Pippo Delbono, programmé par le Gymnase à La Criée, reste en retrait de son œuvre. Comme hors les murs

On a tant aimé et détesté Pippo Delbono, l’ennui dans ses successions de séquences vaines, le soudain choc d’une image si juste qu’elle vous bouleverse à jamais. Il est devenu plus rare sur les scènes françaises depuis une dizaine d’années, surtout depuis la mort de Bobó, son merveilleux comédien microcéphale. C’est d’ailleurs de mort, plus que d’amour, qu’Amore nous parle. Deuil, vieillissement, disparition, douleur. Sur le plateau de belles images statiques s’enchaînent, mais peinent à émouvoir dès qu’elles se mettent en mouvement. Le corps vieilli de Gianluca, trisomique, de Nelson le clochard, n’ont plus la force d’évocation et de tendresse qu’ils dégageaient. Pippo lui même, qui parle au micro depuis la salle, peine à imposer sa présence. Pour compenser, reste la musique. Le fado, ses artistes, chanteurs et chanteuses, guitaristes, qui rappellent la difficulté d’aimer en dictature salazarienne, en Angola colonisé. Des chants d’amour si tristes, pourtant joués trop forts, artificiellement sonorisés, enrichis de guitares enregistrées… 

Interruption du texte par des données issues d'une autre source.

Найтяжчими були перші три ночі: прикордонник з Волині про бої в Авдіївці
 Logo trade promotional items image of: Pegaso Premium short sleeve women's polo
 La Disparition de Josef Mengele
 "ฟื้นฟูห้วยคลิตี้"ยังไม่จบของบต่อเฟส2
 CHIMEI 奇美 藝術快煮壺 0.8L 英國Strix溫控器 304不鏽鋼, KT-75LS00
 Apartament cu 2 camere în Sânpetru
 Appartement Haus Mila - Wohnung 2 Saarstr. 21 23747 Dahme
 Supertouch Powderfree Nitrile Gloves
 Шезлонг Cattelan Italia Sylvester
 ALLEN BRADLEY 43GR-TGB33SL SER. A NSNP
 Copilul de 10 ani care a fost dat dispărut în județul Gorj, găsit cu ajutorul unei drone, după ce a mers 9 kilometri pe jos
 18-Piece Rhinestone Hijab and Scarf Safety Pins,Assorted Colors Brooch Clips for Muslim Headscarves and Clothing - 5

La magie de Pippo, ce soir-là, ne franchissait pas la scène, malgré les images, malgré les mots douloureux du poète au micro, malgré l’attente d’une salle prête à s’émouvoir de ce tableau du deuil amoureux, du silence de la solitude, de la vieillesse qui approche. Peut-être, d’autres soirs, la fragile étincelle des spectacles de Delbono parvient-elle à allumer, comme dans le passé, des flambées superbes. 

AGNÈS FRESCHEL

Amore a été joué du 6 au 10 décembre au Théâtre de la Criée dans le cadre de la programmation du Gymnase hors les murs.